He also mentioned a world glutton oil that Alaska had not
seen and Alaska's oil prices had dropped substantially. He
mentioned looking at $30 per barrel of oil, the world had
changed, and Alaska's budgeting process had changed. He
thought that the legislature had done the right thing under
the circumstances to the best of its ability. However,
today something had to be done differently.
Representative Gattis did not believe that polls were
necessary for Alaskans to understand that the state was not
taking in the same amount of money that it was spending.
She advocated cutting the budget to a point that the state
could afford. She appreciated the presenter speaking to the
subject because it was the elephant in the living room. She
reaffirmed that the state needed a budget it could afford.
She mentioned that in subcommittees there were a lot of
things that people wanted. It would be a struggle as the
budgets are closed out because in the past the state had
given a significant amount to a lot of people. She
furthered that the struggles would continue as time passed.

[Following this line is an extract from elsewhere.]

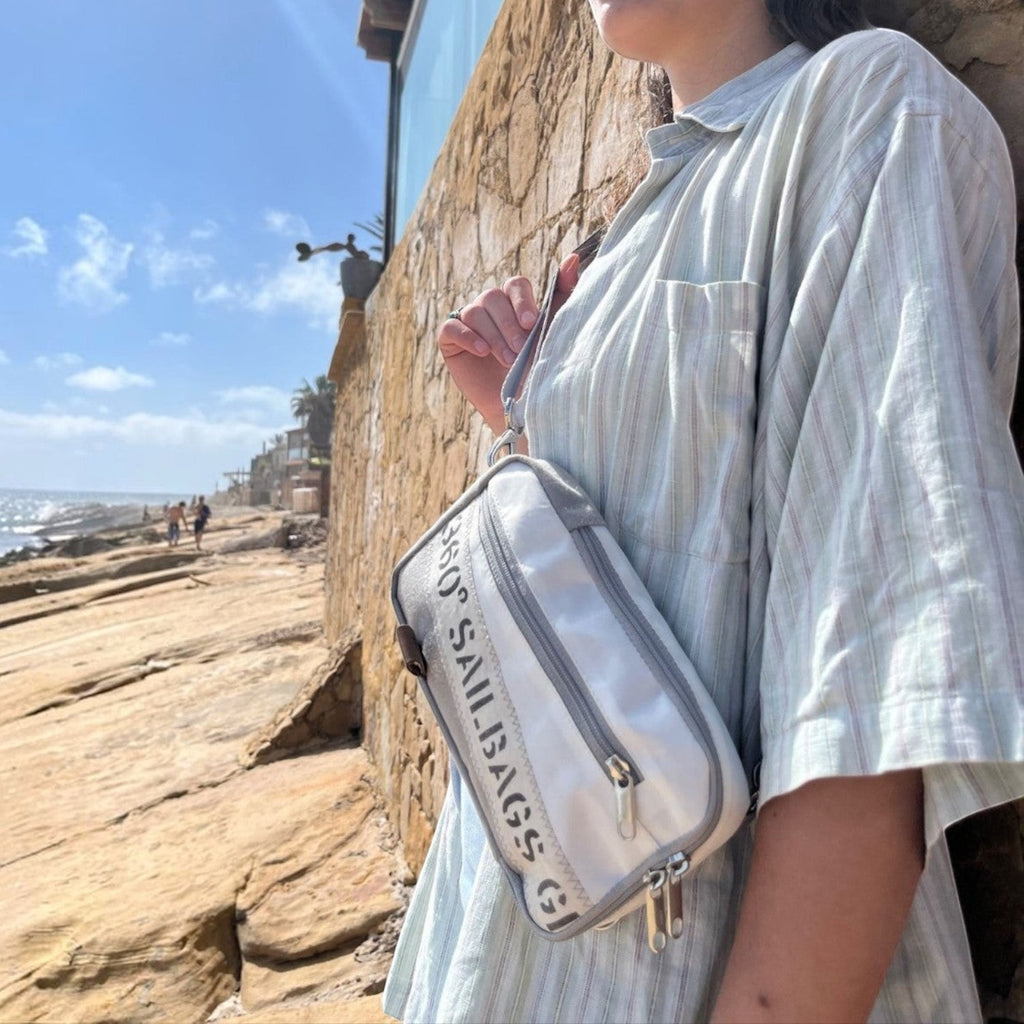 Lieblingstasche Nautik white sailcloth crossbody bag worn by a woman against a stone wall by the ocean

However, it narrowed down to considering what the state had
coming in and going out. She thought it was relatively
simple.
2:09:13 PM
Representative Edgmon had a different philosophy from the
previous speaker. He believed that in making very difficult
choices the legislature should be thinking about what the
state should look like in the future. It was not just about
spending and cutting, but also about what the legislature
envisioned for its great state in the next 50 years. In
going forward the legislature would have to make decisions
about what programs and services were essential. He opined
that choices needed to be made along the way. He supported
Representative Gattis' comments about having to reduce
spending and the size of government. He relayed that he
thought it was more complicated than just cutting
government based on the part of Alaska he represented. He
had to consider the services that were important in keeping
his smaller communities alive.
Representative Hawker commented that although legislators
represented different areas of the state with different
needs, universally he surmised that everyone agreed that
there was one economic pie that was only so big. The state
had to figure out how to live within its means. He noted
that Commissioner Hoffbeck was in the audience.
2:11:20 PM
Representative Hawker continued to talk about slide 5. He
wanted to further discuss the importance of guaranteeing
the people of Alaska a continued dividend at some level for
a transition period while the state demonstrated that it
was getting its house in order, figuring out how it could
live within its means. Some of the things to watch were the
low oil prices and whether they were systemic or if they
would have a quick recovery. The legislature could make
decisions in the immediate or foreseeable and coming years
based on the facts and circumstances of those years.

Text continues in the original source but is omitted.